The section The Holy Grail of Tennyson’s Idylls of the King contains the following sad tale of Sir Bors:

And then, with small adventure met, Sir Bors
 Rode to the lonest tract of all the realm,
 And found a people there among their crags,
 Our race and blood, a remnant that were left,
5Paynim amid their circles, and the stones
 They pitch up straight to heaven; and their wise men
 Were strong in that old magic which can trace
 The wandering of the stars, and scoff’d at him
 And this high quest as at a simple thing.
10Told him he follow’d – almost Arthur’s words –
 A mocking fire: ‘what other fire than he
 Whereby the blood beats, and the blossom blows,
 And the sea rolls, and all the world is warm’d?’
 And when his answer chafed them, the rough crowd,
15Hearing he had a difference with their priests,
 Seized him, and bound and plunged him into a cell
 Of great piled stones; and lying bounded there
 In darkness thro’ innumerable hours
 He heard the hollow-ringing heavens sweep
20Over him: till by miracle – what else?  –
 Heavy as it was, a great stone slipt and fell,
 Such as no wind could move; and thro’ the gap
 Glimmered the streaming scud.  Then came a night
 Still as the day was loud, and thro’ the gap
25The seven clear stars of Arthur’s Table Round
 For, brother, so one night, because they roll
 Thro’ such a round in heaven, we named the stars,
 Rejoicing in ourselves and in your King
 And these, the bright eyes of familiar friends,
30In on him shone: ‘And then to me, to me’,
 Said good Sir Bors, ‘beyond all hopes of mine,
 Who scarce had prayed or asked it for myself –
 Across the seven clear stars – O grace to me!  –
 In colour like the fingers of a hand
35Before a burning taper, the sweet Grail
 Glided and past, and close upon it peal’ d
 A sharp quick thunder.’ Afterwards, a maid,
 Who kept our holy faith among her kin
 In secret entering, loosed and let him go.”

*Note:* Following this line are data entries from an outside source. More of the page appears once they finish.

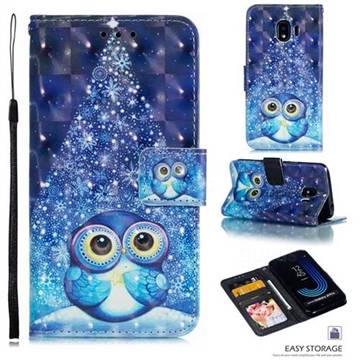 Stage Owl 3D Painted Leather Phone Wallet Case for Samsung Galaxy J2 Pro (2018)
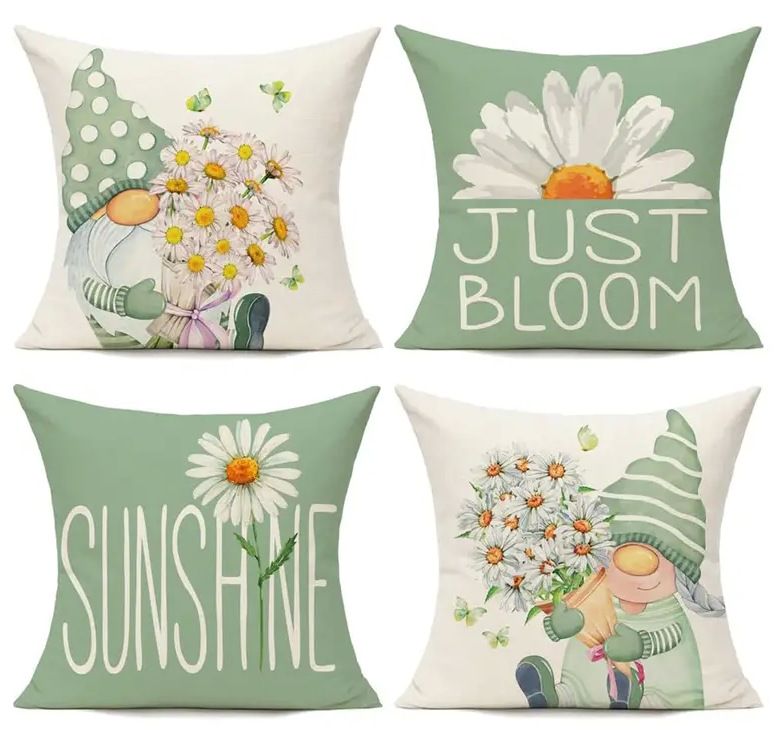 Hot Sale Spring Daisy Dwarf Pattern Living Room Bedroom Sofa Decorative Pillow Case_maomaolike.com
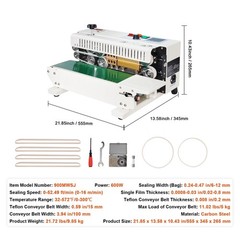 Continuous Bag Band Sealing Machine,0.24-0.47 in/6-12 mm Seal Width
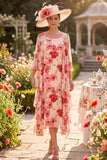 Red Flower 3/4 Sleeves Round Neck Midi Mother of the Bride Dress with Chiffon Cover‑Up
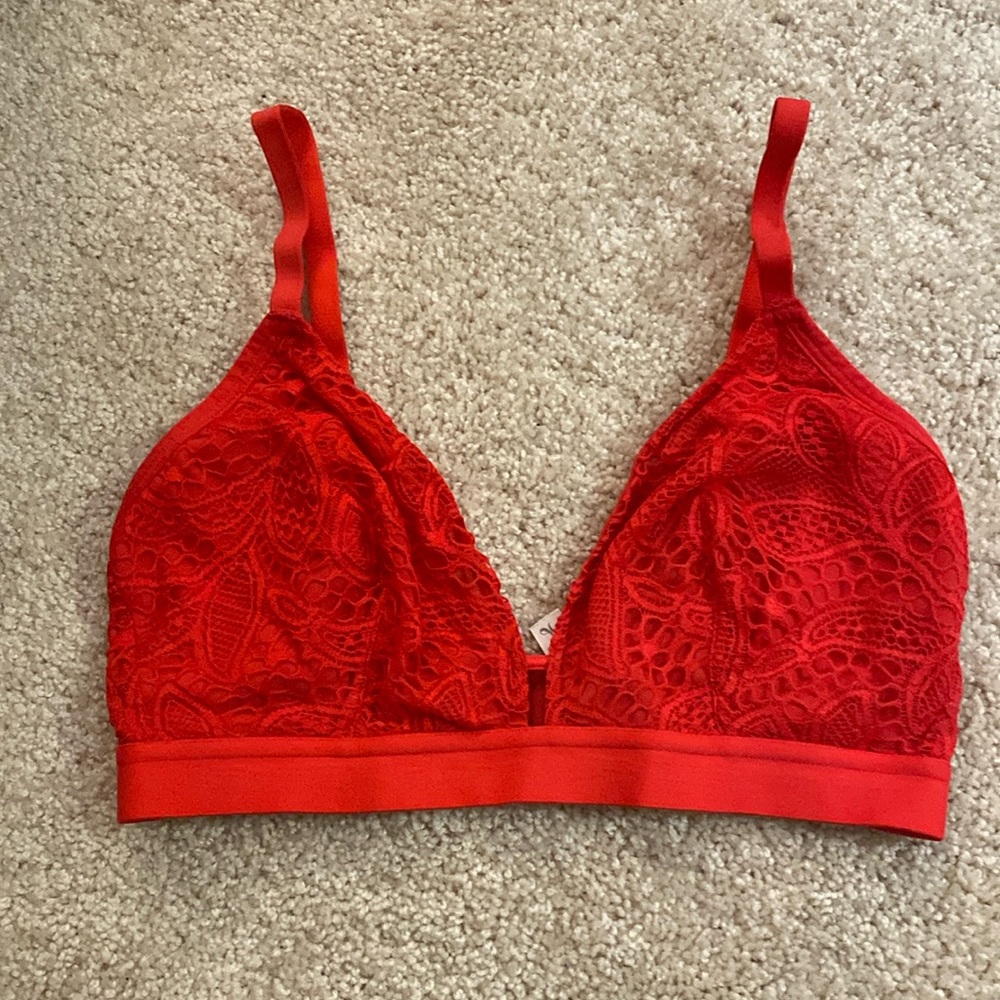 Lively Busty Bralette Size 1 Palm Lace Tomato Red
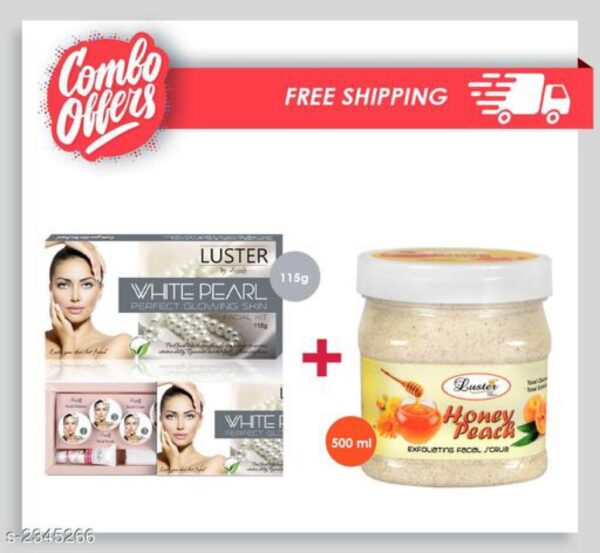 Luster White Pearl Facial kit (Paraben & Sulfate Free)+ Luster Honey Peach Face & Body Cream Scrub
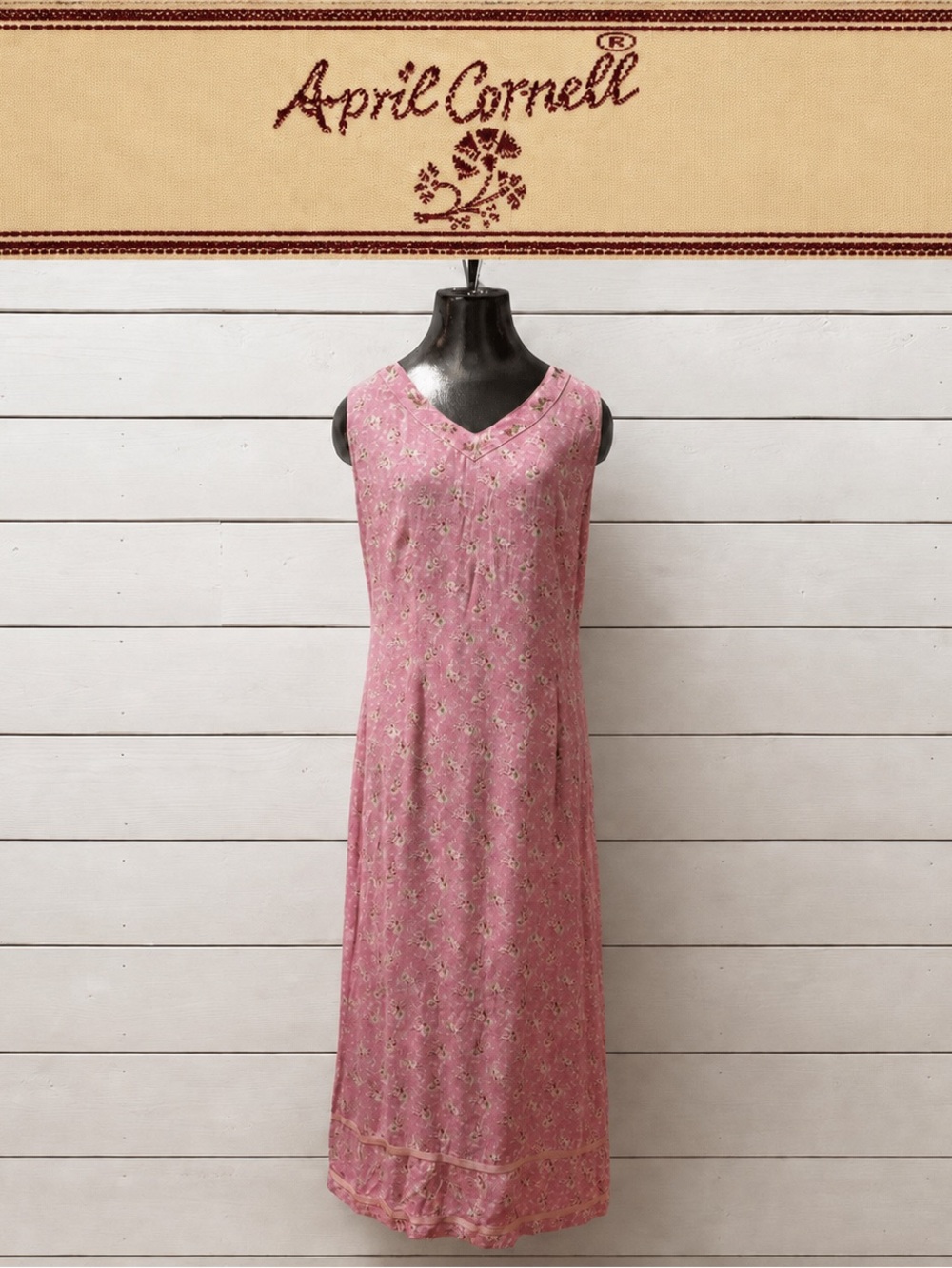 April Cornell Vintage Pink Floral Maxi Dress – Size M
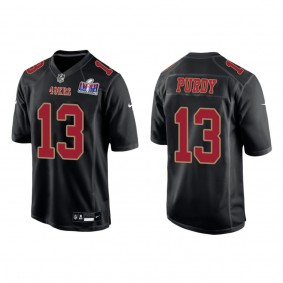 Men's Brock Purdy San Francisco 49ers Black Super Bowl LVIII Carbon Fashion Game Jersey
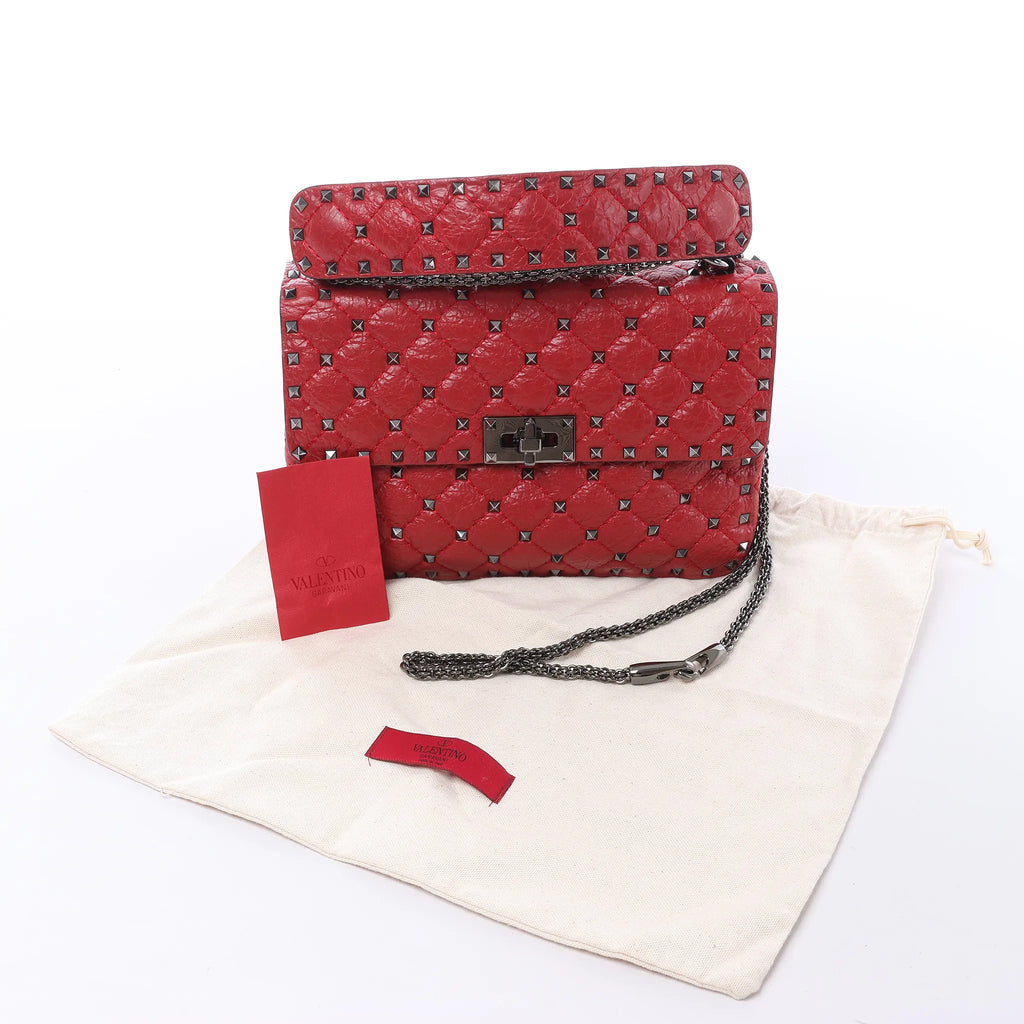 Valentino Rockstud Spike Chain 2Way Crossbody Bag in Red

Here is a picture of a native pagan tradition (l. 4) including megaliths and astronomical knowledge (l. 5–8). Its followers are down-to-earth materialists who mock the knight’s transcendental quest (for the Holy Grail) as a futile search for the irreducible principle of vitality itself (1. 11–13). The Pleiades (l. 25) are known and adopted by Arthur’s knights, and magical help comes to Bors when the pagan spell is broken by a clap of thunder (l .37), allowing a fifth columnist to enter and release the knight.  {6}

Malory’s Morte d’Arthur contains no passage of this kind.  Malory’s Sir Bors is tempted, in traditional fashion, by a garden full of beautiful maidens.  Perhaps another reader could report on the account in Geoffrey of Monmouth.  These two are Tennyson’s prime sources.  The works of Wace, Layamon and Manilius, plus the Mabinogion, were also familiar to Tennyson.  It took Tennyson 26 years, from 1859, to compose the Idylls, and his research included days and weeks and months at a time on walking tours of Wales, Cornwall and Brittany.  He visited the pagan sites at first hand and spoke to local inhabitants at a time when their culture was still relatively intact.  Unpublished ballads from his Welsh visits are in the British Museum. 

Is local tradition enough to explain Tennyson’s knowledge of astronomical megalithic lore?  The Idylls were published 24 years before Sir Norman Lockyer’s work on the astronomical significance of Stonehenge.  However, Michael Balfour’s new book on Stonehenge reveals that the first astronomical theory came in John Smith’s work of 1771, Choir Gaur.  Was Tennyson familiar with this?  We do not know.  At any rate, the hypothesis of ancient pagan astronomical technology was a literary commonplace in Britain at the end of the nineteenth century, although it died and had to be resurrected in our own time. 

* My thanks are due to Alison Hennegan for information on Tennyson’s life and work.